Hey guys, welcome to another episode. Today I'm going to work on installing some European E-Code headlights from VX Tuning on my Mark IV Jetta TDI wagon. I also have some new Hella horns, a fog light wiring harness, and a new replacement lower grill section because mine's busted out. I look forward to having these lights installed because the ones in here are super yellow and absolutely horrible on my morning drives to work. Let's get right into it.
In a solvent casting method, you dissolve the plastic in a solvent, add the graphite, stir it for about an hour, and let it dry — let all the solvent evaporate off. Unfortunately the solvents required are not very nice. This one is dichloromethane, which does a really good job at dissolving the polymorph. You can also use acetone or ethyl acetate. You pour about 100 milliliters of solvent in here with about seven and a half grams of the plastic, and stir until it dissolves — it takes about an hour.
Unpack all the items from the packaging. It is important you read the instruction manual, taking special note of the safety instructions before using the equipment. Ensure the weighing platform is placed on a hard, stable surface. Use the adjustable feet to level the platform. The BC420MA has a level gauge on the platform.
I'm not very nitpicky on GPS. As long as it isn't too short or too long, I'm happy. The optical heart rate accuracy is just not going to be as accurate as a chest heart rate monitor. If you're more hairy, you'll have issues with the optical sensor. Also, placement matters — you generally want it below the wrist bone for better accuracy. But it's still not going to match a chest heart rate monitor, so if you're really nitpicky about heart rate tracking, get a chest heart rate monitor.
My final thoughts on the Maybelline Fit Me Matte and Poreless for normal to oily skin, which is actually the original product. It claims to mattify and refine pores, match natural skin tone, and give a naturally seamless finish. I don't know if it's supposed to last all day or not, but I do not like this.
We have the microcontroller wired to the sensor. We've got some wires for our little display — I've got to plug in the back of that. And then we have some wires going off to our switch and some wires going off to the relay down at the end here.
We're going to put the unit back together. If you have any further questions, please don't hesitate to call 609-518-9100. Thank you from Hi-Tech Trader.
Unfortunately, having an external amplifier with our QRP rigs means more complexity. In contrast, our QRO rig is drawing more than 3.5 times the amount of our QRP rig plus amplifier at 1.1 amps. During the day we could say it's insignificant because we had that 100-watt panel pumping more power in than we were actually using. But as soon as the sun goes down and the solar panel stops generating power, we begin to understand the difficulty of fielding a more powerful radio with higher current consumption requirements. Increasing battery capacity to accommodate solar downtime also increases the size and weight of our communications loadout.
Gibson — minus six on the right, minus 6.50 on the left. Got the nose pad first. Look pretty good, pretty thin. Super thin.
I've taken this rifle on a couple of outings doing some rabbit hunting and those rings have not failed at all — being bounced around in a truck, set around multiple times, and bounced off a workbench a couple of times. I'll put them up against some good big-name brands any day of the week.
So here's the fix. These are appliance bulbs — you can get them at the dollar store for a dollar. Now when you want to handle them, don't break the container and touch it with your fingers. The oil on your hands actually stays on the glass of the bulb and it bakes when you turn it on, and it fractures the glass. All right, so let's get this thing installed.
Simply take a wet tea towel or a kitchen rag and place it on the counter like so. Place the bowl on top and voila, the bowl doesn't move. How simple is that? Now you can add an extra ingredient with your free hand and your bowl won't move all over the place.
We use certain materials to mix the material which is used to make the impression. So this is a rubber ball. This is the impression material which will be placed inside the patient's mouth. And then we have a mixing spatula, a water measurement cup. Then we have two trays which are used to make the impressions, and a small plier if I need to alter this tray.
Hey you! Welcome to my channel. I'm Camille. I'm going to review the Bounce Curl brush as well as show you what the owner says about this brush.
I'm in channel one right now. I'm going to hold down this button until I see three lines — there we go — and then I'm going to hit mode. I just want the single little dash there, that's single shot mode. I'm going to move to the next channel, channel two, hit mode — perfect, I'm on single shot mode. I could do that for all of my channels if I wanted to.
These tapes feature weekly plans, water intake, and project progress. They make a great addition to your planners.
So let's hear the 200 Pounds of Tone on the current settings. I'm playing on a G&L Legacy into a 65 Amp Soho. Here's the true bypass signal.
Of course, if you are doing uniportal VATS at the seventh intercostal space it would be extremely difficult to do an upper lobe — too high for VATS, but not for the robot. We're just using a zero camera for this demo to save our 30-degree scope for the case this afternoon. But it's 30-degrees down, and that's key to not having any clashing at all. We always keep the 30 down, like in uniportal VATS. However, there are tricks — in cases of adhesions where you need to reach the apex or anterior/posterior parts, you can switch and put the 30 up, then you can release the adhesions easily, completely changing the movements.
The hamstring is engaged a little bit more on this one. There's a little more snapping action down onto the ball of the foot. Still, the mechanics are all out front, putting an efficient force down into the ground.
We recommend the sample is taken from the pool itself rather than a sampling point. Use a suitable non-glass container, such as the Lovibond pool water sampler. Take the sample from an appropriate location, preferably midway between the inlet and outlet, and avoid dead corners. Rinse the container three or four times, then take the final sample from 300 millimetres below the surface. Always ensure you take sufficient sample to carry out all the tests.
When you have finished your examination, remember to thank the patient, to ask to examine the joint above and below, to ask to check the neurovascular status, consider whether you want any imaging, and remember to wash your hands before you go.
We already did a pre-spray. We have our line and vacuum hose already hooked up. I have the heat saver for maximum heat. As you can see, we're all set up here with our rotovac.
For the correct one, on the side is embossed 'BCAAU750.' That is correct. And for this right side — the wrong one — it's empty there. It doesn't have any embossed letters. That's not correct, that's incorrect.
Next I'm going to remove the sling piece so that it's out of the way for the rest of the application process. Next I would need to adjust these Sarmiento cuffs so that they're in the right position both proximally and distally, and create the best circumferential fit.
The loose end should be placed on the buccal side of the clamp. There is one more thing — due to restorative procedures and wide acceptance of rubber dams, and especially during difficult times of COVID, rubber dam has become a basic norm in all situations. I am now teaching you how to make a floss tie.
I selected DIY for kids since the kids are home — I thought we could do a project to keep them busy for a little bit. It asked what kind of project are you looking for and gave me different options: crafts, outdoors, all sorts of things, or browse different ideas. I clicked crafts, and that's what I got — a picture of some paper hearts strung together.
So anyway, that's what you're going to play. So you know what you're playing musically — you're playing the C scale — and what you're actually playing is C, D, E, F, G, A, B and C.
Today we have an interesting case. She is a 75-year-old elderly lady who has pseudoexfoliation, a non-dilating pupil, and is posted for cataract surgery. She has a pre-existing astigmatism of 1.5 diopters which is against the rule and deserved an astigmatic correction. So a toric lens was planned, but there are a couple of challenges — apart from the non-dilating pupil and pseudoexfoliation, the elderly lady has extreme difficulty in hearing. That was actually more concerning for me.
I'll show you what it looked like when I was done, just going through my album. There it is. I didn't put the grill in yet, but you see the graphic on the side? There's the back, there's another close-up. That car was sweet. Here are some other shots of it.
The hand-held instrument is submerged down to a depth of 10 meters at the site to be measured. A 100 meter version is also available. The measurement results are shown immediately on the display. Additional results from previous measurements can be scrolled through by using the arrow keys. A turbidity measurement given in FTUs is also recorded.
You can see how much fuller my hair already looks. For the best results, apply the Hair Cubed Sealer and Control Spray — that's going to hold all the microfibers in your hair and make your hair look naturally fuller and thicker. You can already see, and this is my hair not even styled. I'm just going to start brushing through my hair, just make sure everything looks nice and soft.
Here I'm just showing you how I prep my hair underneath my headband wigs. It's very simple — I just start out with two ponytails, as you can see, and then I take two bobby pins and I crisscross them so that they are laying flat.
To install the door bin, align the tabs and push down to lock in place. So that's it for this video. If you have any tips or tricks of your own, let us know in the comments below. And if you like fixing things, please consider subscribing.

________

What is being asked »
The output should be exactly the lines above from the line containing "For the correct" to the line containing "So anyway, that's", inclusive, with no other lines.

Result of this task »
For the correct one, on the side is embossed 'BCAAU750.' That is correct. And for this right side — the wrong one — it's empty there. It doesn't have any embossed letters. That's not correct, that's incorrect.
Next I'm going to remove the sling piece so that it's out of the way for the rest of the application process. Next I would need to adjust these Sarmiento cuffs so that they're in the right position both proximally and distally, and create the best circumferential fit.
The loose end should be placed on the buccal side of the clamp. There is one more thing — due to restorative procedures and wide acceptance of rubber dams, and especially during difficult times of COVID, rubber dam has become a basic norm in all situations. I am now teaching you how to make a floss tie.
I selected DIY for kids since the kids are home — I thought we could do a project to keep them busy for a little bit. It asked what kind of project are you looking for and gave me different options: crafts, outdoors, all sorts of things, or browse different ideas. I clicked crafts, and that's what I got — a picture of some paper hearts strung together.
So anyway, that's what you're going to play. So you know what you're playing musically — you're playing the C scale — and what you're actually playing is C, D, E, F, G, A, B and C.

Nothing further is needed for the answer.